Tony Clark, Executive Director of MLBPA (AP Photo / Morry Gash)

A grievance has been filed by the MLBPA against four teams — the A’s, Marlins, Pirates and Rays — and the claim is simple: The MLBPA accuses the teams of not spending the revenue-sharing money they receive appropriately, the Tampa Bay Times reported.

The Major League Baseball Players Association has been furious all offseason while free agents remain unsigned, even as spring training has began. The MLBPA has found a target for its frustration. The collective bargaining agreement that both parties agreed on states teams must use any revenue-sharing money to improve the on-field product. That doesn’t mean it has to be funneled directly into the major league payroll. The four teams that are the main targets come at no surprise.

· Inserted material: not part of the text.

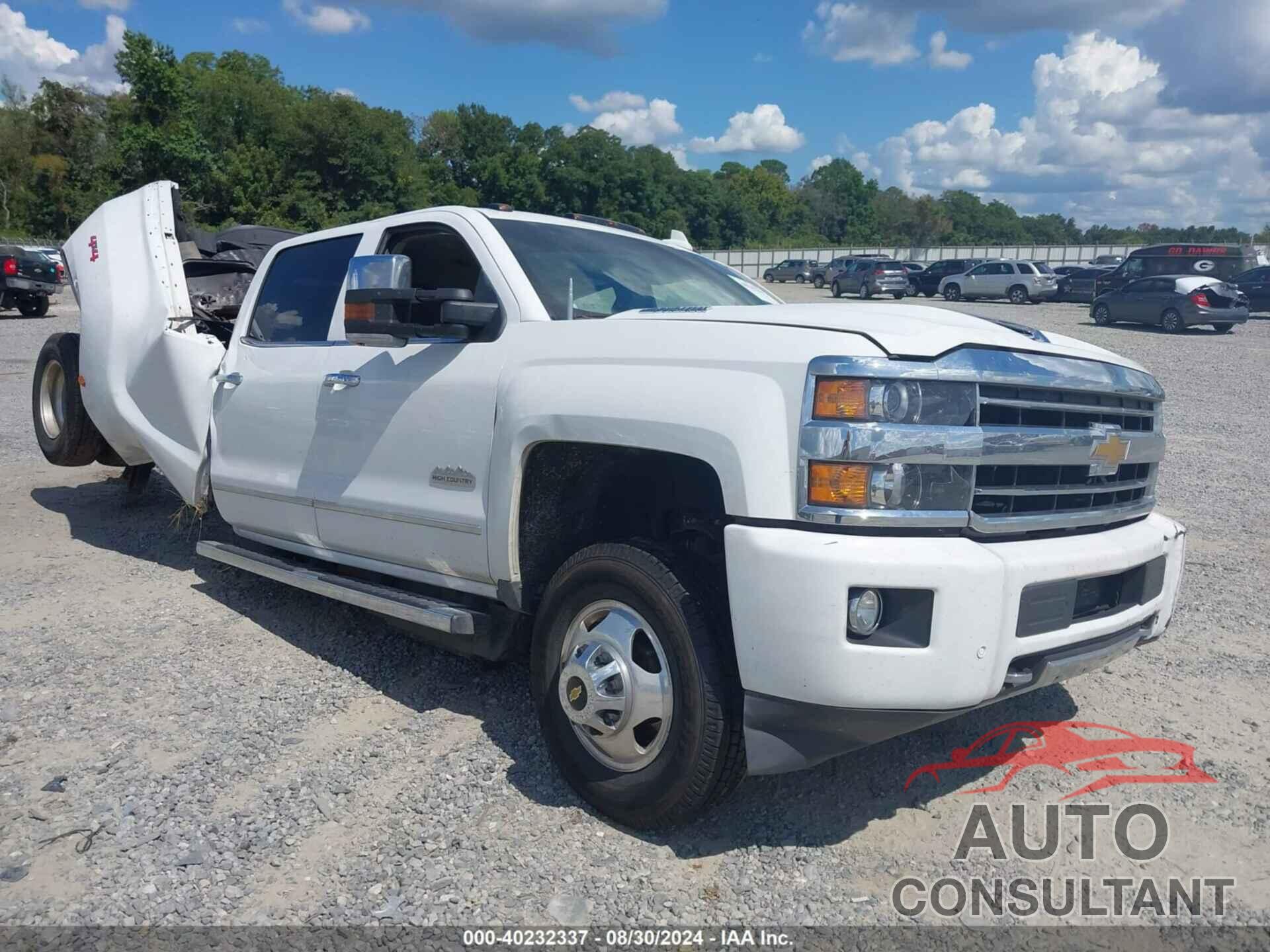 CHEVROLET SILVERADO 3500HD 2018 - 1GC4K1EY8JF217424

The Marlins decimated their roster the minute Derek Jeter took over control of the team. They traded away their entire star studded outfield in Christian Yelich, Marcell Ozuna and Giancarlo Stanton. The Pirates got rid of fan favorite and main star Andrew McCutchen this offseason when they shipped him to San Francisco. Along with sending their number one starter, Gerrit Cole, to the Astros, in an obvious attempt to start tanking and rebuilding. Sticking with the theme, the Rays sent their longtime franchise player, Evan Longoria, to San Francisco in December.

Andrew McCutchen (Patrick Smith/Getty Images)

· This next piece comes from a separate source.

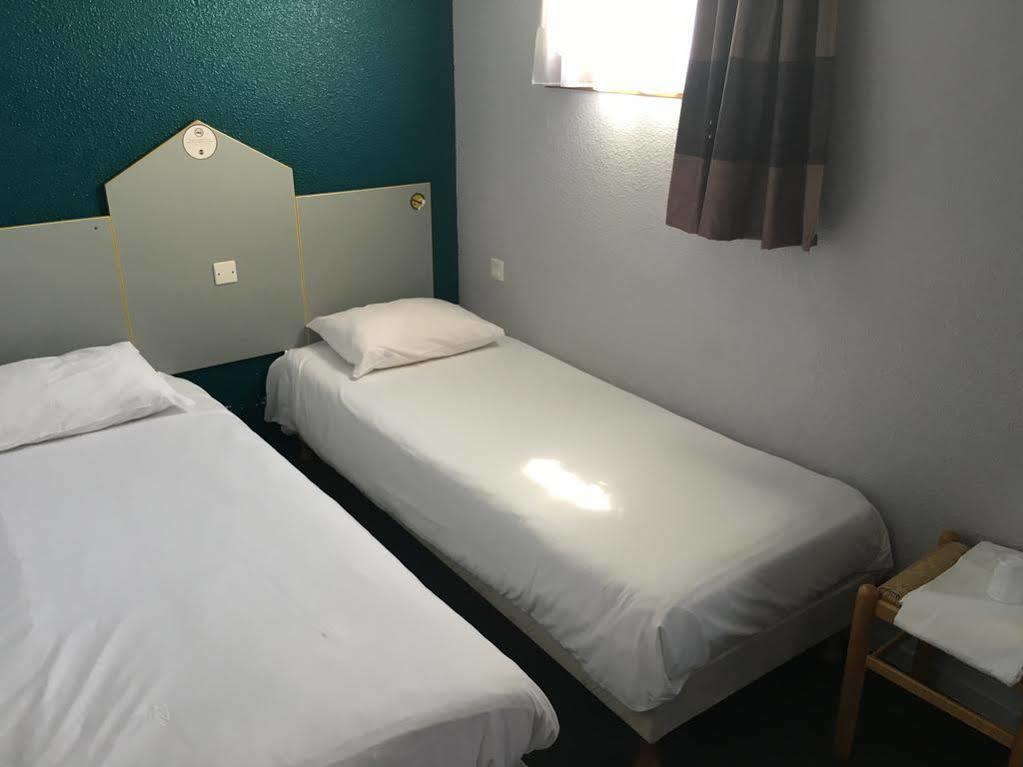 B&B Hotel Châtellerault Kültér fotó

“The MLBPA’s grievance against the Pirates is patently baseless,” Pirates president Frank Coonelly said. Rays owner Stuart Sternberg told the Times he was “genuinely surprised” by the move.

The grievance comes a month after the MLBPA raised concerns with Commissioner Rob Manfred about the Marlins and Pirates stripping their rosters and slicing payroll.The last time a grievance like this was filed, in 2010, MLB leaned on the Marlins, who agreed to raise payroll for a brief time and to share financials with the union. MLB seems inclined to fight this one, so it will likely head to an arbitrator.